First, let's create a baseline forecast without using any exogenous variables.

```python
timegpt_fcst_no_ex_vars = nixtla_client.forecast(
    df=df[["unique_id", "ds", "y"]],
    h=24,
    level=[80, 90]
)
```

### Step 4: Forecasting with Exogenous Variables

Next, let's create a forecast using the exogenous variables. To make a forecast 
using exogenous variables, you need to provide historical and future exogenous 
values. Below is an example dataset containing future exogenous variables.
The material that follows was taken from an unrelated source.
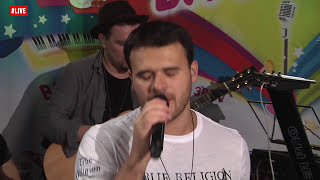 Emin – Я Лучше Всех Живу (LIVE @ Авторадио)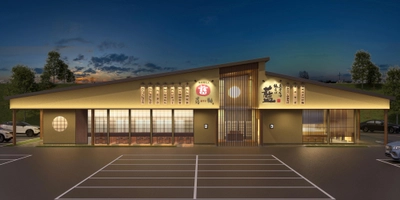 ＜東北初出店＞ミシュラン京都・大阪5年連続掲載の人気ラーメン店 　煮干そば鶏そば 藍が7月8日(火)にグランドオープン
Note 
that it only contains the future exogenous variable values not the target 
variable `y`. We need to forecast this target variable using the exogenous 
variables provided.

```python
future_ex_vars_df = pd.read_csv("https://raw.githubusercontent.com/Nixtla/transfer-learning-time-series/main/datasets/electricity-short-future-ex-vars.csv")
future_ex_vars_df.head()
```

| unique_id | ds                   | Exogenous1 | Exogenous2 | day_0 | day_1 | day_2 | day_3 | day_4 | day_5 | day_6 |
|-----------|----------------------|------------|------------|-------|-------|-------|-------|-------|-------|-------|
| BE        | 2016-12-31 00:00:00  | 70318.0    | 64108.0    | 0.0   | 0.0   | 0.0   | 0.0   | 0.0   | 1.0   | 0.0   |
| BE        | 2016-12-31 01:00:00  | 67898.0    | 62492.0    | 0.0   | 0.0   | 0.0   | 0.0   | 0.0   | 1.0   | 0.0   |
| BE        | 2016-12-31 02:00:00  | 68379.0    | 61571.0    | 0.0   | 0.0   | 0.0   | 0.0   | 0.0   | 1.0   | 0.0   |
| BE        | 2016-12-31 03:00:00  | 64972.0    | 60381.0    | 0.0   | 0.0   | 0.0   | 0.0   | 0.0   | 1.0   | 0.0   |
| BE        | 2016-12-31 04:00:00  | 62900.0    | 60298.0    | 0.0   | 0.0   | 0.0   | 0.0   | 0.0   | 1.0   | 0.0   |

Ensure you maintain consistent data formatting and columns in both historical 
and future exogenous datasets (e.g., dates, unique_id, variable names).

```python
timegpt_fcst_ex_vars = nixtla_client.forecast(
    df=df,
    X_df=future_ex_vars_df,
    h=24,
    level=[80, 90]
)
```

### Step 5: Forecast Visualization

Once you have generated your forecasts, you can visualize the results to compare 
forecasts between the two methods above.

```python
timegpt_fcst_no_ex_vars.rename(columns={"TimeGPT": "TimeGPT_no_ex_vars"}, inplace=True)
timegpt_fcst_ex_vars.rename(columns={"TimeGPT": "TimeGPT_ex_vars"}, inplace=True)

all_forecasts = (
    timegpt_fcst_no_ex_vars
    .merge(
        timegpt_fcst_ex_vars,
        how='outer',
        on=["unique_id", "ds"]
    )
)
```

```python
nixtla_client.plot(
    df[["unique_id", "ds", "y"]],
    all_forecasts,
    max_insample_length=1000,
)
```

<Frame>
  ![Forecast chart](/images/docs/exo_no_exo_comparison.png)
</Frame>

## Key Takeaways

- Exogenous variables enrich time series forecasting.
- Ensure proper alignment of historical and future exogenous data.

## Next Steps

  Congratulations! You have mastered the fundamentals of adding exogenous 
  variables to your TimeGPT forecasts. Keep refining your approach by 
  
- Exploring feature engineering to create domain-specific exogenous data.
- Experimenting with different modeling approaches for external variables.
- Validating forecast accuracy by comparing with real future data.